Automating Workflows

2 mins

Automating Workflows

Up to this point, you should have created the following five R scripts:

Summary

FileDescriptionPhase
download.RDownloads the data from
Inside Airbnb and
stores as csv format
Input
clean.RPreprocesses the raw data
into an aggregated format
ready for analysis and
visualisation
Transformation
pivot_table.RCreate a pivot table for
the number of reviews by
region across time
Transformation
plot_all.RCreate a line chart for
the total number of reviews
in a city across time
Output
plot_Amsterdam.RCreate a line chart for
the number of reviews for
the top 3 neighborhoods
in Amsterdam
Output

As you've worked through the set of exercises, you've repeatedly built on preliminary results. For example, the plot for the top 3 cities in Amsterdam (plot_Amsterdam.pdf) could only be created once the pivot_table.csv file had been generated.
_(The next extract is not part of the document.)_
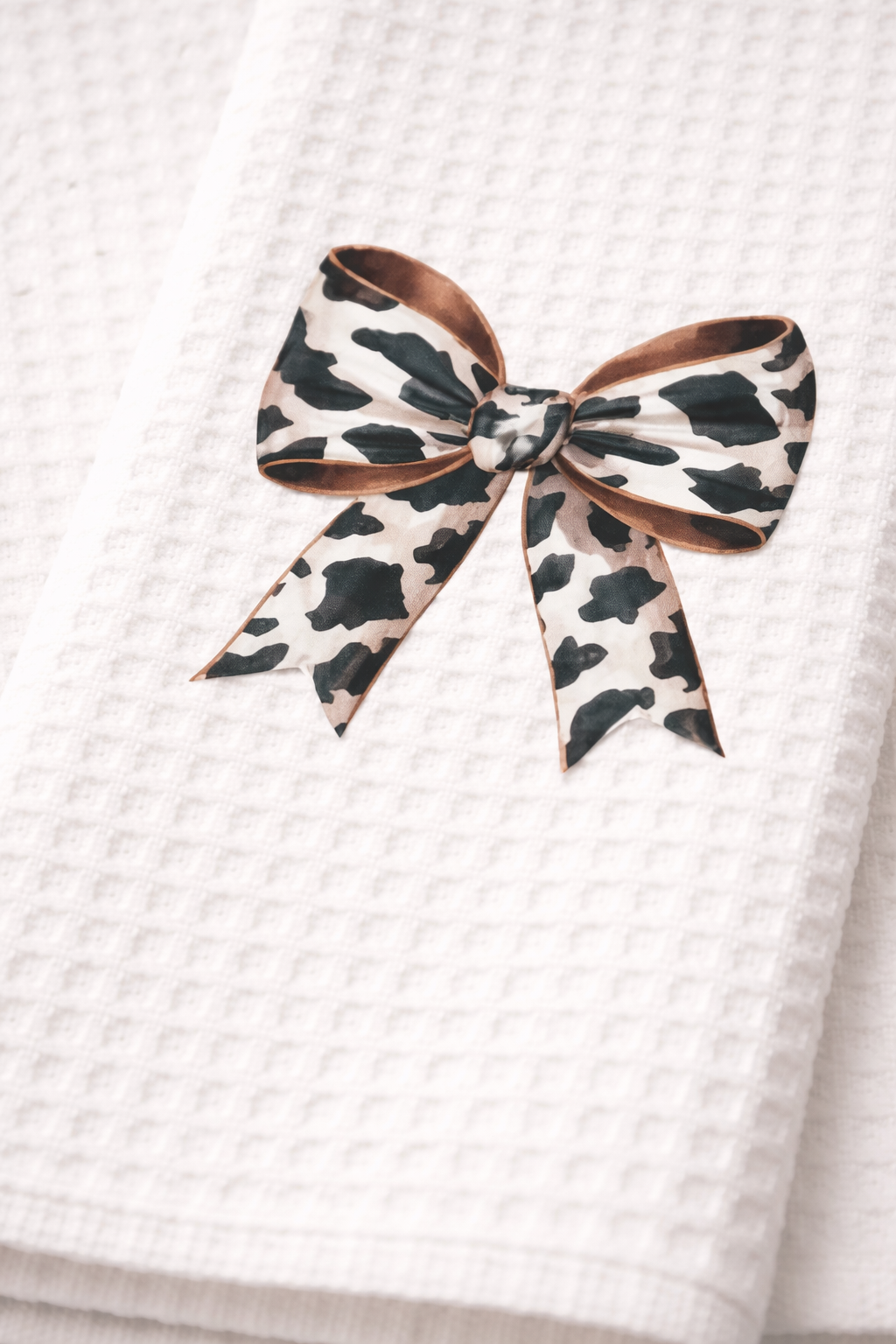 Cow Print Coquette Bow Waffle Kitchen Towels – Set of 2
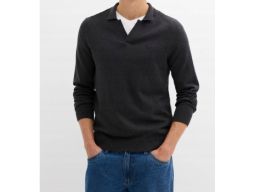 B.P.C sweter dzianinowy męski antracytowy z kołnierzykiem r.XL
In a similar way, the preprocessing pipeline (clean.R) could only take place once the data (listings.csv & reviews.csv) had been downloaded. These dependencies have been depicted in the figure below.

Revisit the study notes on "Automating your Pipeline" and write a makefile that captures the end-to-end process (from download.R to plot_all.pdf & plot_Amsterdam.pdf). Also, add an all and clean phony target.

Exercise
Swap the url_listings and url_reviews for a historical dataset of Amsterdam from the previous year (gather the links from the "show archived page"). Run make again in the root directory.

Do the same for a recent Airbnb dataset from New York. If done correctly, it should not take more than a minute (power to automation!). Do your workflows still run as expected? How about the plot_Amsterdam.R file? Why is that?